Tuesday, October 24, 2017

Brief Summary of Tumor Lysis Syndrome



Tumor lysis syndrome
consists of hyperuricemia, hyperphosphatemia, hyperkalemia, and hypocalcemia in a patient presenting with leukemia or lymphoma, especially those with a very high white blood cell count, Burkitt leukemia/lymphoma, or T-cell leukemia/lymphoma.

Cause:
Tumor lysis can occur prior to the onset of therapy due to spontaneous blast cell breakdown, but more typically occurs after initiating therapy. Tumor lysis syndrome has rarely been reported in children with other solid tumors. In order to prevent acute renal failure, it is essential that tumor lysis be treated aggressively.

Laboratory tests:

A patient with suspected tumor lysis syndrome should have the following laboratory studies performed at the time of presentation: CBC with manual differential, and chemistry panel (to include potassium, creatinine, calcium, phosphorus, and uric acid).

Therapy:

  • Therapy for tumor lysis syndrome includes IV hydration at 2 or more times maintenance (~3,000 mL/m2/day), urinary alkalinization, and allopurinol to decrease the formation of uric acid.
  • Potassium should not be included in the IV fluid.
  • Hydration fluids should include 30 to 40 mEq/L of NaHCO3 to maintain urine pH from 7 to 7.5 in order to facilitate excretion of uric acid and phosphate. Efforts should be made, however, to keep the urine pH below 8, as this promotes formation of calcium-phosphate stones. If phosphorus levels are rising rapidly, amphogel can be added to aid in its excretion.
  • Depending on the severity of the metabolic abnormalities, kidney function, uric acid, calcium, phosphorus, and potassium should be assessed every 6 to 8 hours.

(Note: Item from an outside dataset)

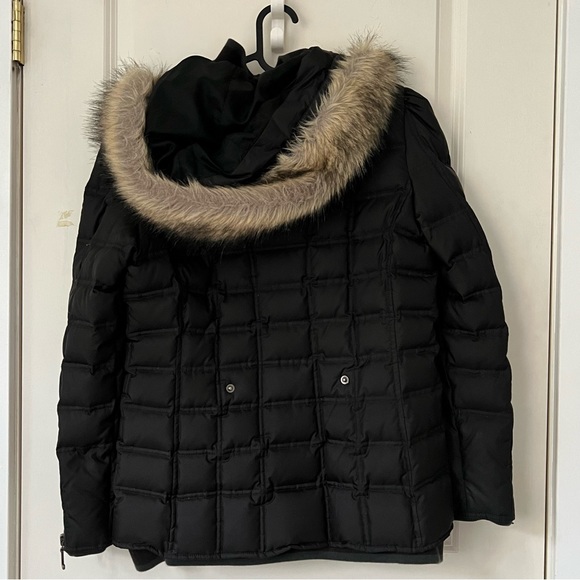 Juicy Couture Women’s Black Puffer Jacket - Picture 3 of 8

Frequency can be altered when therapy is started (every 4 hours if necessary), and when laboratory values have stabilized (daily).
  • Dialysis is indicated in patients with refractory fluid overload, hyperkalemia, acidosis, or hyperphosphatemia. A pediatric nephrologist should be consulted early in the patient’s course to facilitate dialysis if necessary.
  • Rasburicase is a recombinant urate-oxidase enzyme that directly breaks down uric acid (in contrast to allopurinol, which inhibits its formation). It has been shown to be effective in controlling uric acid levels in children and adults with hyperuricemia due to tumor lysis syndrome. Children receiving rasburicase have demonstrated rapid declines in serum uric acid levels, accompanied by a more rapid normalization of kidney function . Patients with hyperleukocytosis and/or impaired renal function should receive rasburicase instead of allopurinol to treat hyperuricemia (0.2 mg/kg IV daily until stable). Those who are treated with rasburicase do not require alkalinization of their urine (but still should receive aggressive hydration without potassium).